Abstract
Datasets and analysis scripts are becoming more available online, but most datasets are still unclear and difficult to use due to poor meta-data. Adopting standard variable label solves most of these problems and is easily implemented if we set the labels at the time of publication, that is, for authors to also establish standard variable labels when they establish for example, question wording. This simple step involves little effort but facilitates the sharing of datasets and analysis scripts enormously. Current initiatives to improve meta-data rely on users spending much time creating new meta-data for each variable, which is time consuming, unenjoyable, and hinders adoption. Some suggestions are made on how brief, unique, and clear variable labels can be developed, especially using the last two digits of the year the scale was published in. Standards for dataset and analysis script etiquette are the future, and the final section of the manuscript examines other easy places simple standards can save time and frustration for (re)users.
Keywords
Datasets are becoming more common online, but still actually using these datasets is most often difficult or impossible due to poor meta-data and a resulting lack of clarity. Some of the largest problems include the lack of clear variable labels (e.g. “var 1”), a lack of meta-data whereby those variable labels are matched with particular questions in the survey or experiment, or a lack of a survey file in general, and an inability to identify whether the “5” indicated in the dataset matches, for example, “extremely liberal” or “extremely conservative” indicated on the scale. Without a good ability to identify which columns in the dataset are which, the data are essentially worthless, and even small errors can cause significant misunderstandings down the line. In this regard, setting and using standard variable labels within research communities will go a long way to answer these questions—without any extra effort or aggravation for the individual user. These labels make it directly clear which columns in the dataset are which, and one can easily go and look up the paper where the scale was originally published to answer questions like what was the wording or what the scale values mean. This benefit goes further in being able to have machine readable datasets, so that I can search for a particular variable and receive datasets that contain that variable, and the data can be easily collated for analysis.
What holds back the meta-data revolution
There exist good standards on how to document papers, but not yet datasets and analysis scripts. For many years, the infrastructure to make one’s datasets simply did not exist, but in the last years, there has been an explosion of online repositories for research data. Most university libraries now have a repository, and there are hundreds of field and country-specific databases where one can upload their data, including several all-purpose repositories like Git. There is in fact even a repository of data repositories, which contains data on over 2000 data repositories (re3data.org/). This creates problems both in where to upload the data but more importantly where to look for data, as most of these databases still do not have functional search affordances (Buttliere, 2019).
Still but this ignores unpublished datasets and other gray work (e.g. master and PhD theses). The problem is no longer infrastructure, if anything there is too much infrastructure and an inability for that infrastructure to read and return the datasets in a useful way. Adopting standard variable labels solves these problems by making datasets machine readable and searchable.
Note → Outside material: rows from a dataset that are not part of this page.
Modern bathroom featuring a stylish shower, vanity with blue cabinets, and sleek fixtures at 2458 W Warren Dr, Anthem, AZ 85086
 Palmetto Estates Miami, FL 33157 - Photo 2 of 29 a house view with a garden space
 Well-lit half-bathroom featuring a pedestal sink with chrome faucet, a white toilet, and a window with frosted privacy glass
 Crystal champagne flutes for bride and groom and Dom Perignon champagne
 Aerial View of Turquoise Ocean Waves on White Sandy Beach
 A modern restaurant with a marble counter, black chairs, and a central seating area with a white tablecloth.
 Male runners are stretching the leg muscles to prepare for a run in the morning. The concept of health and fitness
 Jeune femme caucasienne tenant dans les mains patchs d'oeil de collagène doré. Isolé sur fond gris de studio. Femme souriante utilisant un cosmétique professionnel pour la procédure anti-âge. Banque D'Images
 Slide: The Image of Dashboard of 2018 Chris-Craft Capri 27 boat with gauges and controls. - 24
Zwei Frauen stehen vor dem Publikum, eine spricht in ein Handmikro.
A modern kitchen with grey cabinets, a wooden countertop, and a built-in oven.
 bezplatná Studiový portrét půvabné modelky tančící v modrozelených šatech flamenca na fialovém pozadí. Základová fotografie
Even when one is able to find datasets, they are most often difficult or impossible to use due to poor labeling and meta-data standards for indicate, for example, scale values. In this regard there are a growing number of initiatives to include better meta-data for datasets, including the Findable, Accessible, Interoperable, and Reusable (FAIR) principles and the Data Documentation Initiative (DDI) initiatives. The FAIR guidelines specify—in general terms—that data should be Findable, Accessible, Interoperable, and Reusable (Wilkinson et al., 2016). This initiative has received strong support from the community but does not make strong recommendations on how to achieve this goal. Conversely, the DDI is attempting to develop standards, especially for survey and observational methods in the social sciences, especially by developing software which will help researchers develop meta-data files which can be posted alongside a dataset. The problem here and with similar solutions is that they often take very much time, are often frustrating, and there is a good chance that nobody will ever use the meta-data file which is so frustrating and time consuming to create. This makes it feel unnecessary and limits adoption (Buttliere, 2014). There is also a problem with creating new special software to be used, which must be learned and used both by the uploader and reuser, especially given the rapidly changing research software landscape. Compare this with variable label standards which are software agnostic, clear, and can be implemented easily.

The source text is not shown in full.